Legal: Legal factors have both external and internal sides. There are certain laws that affect the
business environment in a certain country while there are certain policies that companies
maintain for themselves. Legal system takes into account employment laws, consumer
protection, industry specification regulations, environmental regulations and competitive
regulations. The Malaysian legal system is substantially based on the British legal system and the
principles of common law. Malaysian employment law says that the minimum wage of the
worker can be no lower than 1000 ringgit which is quite high for countries in the Asia, where
labor cost is relatively cheaper. Therefore it can have adverse effect on the Malaysian economy
as foreign investors may become concerned in investing in the country as it can increase the cost
of operation in the country. Besides, there are environmental laws such as the Division of
Environment clean air legislation which was adopted in 1978 to limit carbon emissions in the
country. To abide by this law, carbon emission industries may face externalities cost based on
the amount of pollution they are involved. This type of law will also have detrimental effects on
the foreign direct investment. Therefore investors will have to do their homework before
investing as they will have to find the best sector that suits the country accordingly to the laws of
the country.

Environmental: It includes all those that influence or are determined by the surrounding
environment. Environmental analysis is particularly important for industries such as tourism,
farming, agriculture, etc. It takes into account ecological, environmental issues, stakeholder
values, management style etc. Malaysia has one of the highest rates of deforestation in the world.
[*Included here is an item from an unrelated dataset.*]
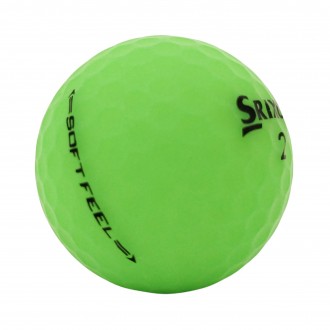 Srixon Soft Feel Mat vert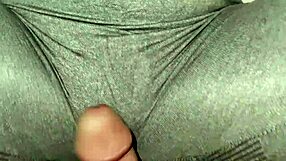 Close to Wet Pussy and Lots of Cum After Fucking, I Shoved Cock and Cum Inside Her Cunt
Most of the deforestation is due to the extraction of natural gases which plays a major role in the
Malaysian economic growth. Therefore over consumption of natural gases has led to destruction
of the natural ecosystem. To limit this threat, government has come up with deforestation laws.
According to it the natural gas companies will have to pay compensation for every tree cut. This
type of environmental law is helping the country to restore the natural ecosystem. It is also
sending a negative message to the investors to finance in these projects. Therefore businesses
will have to look into these environmental aspects before exploring ventures.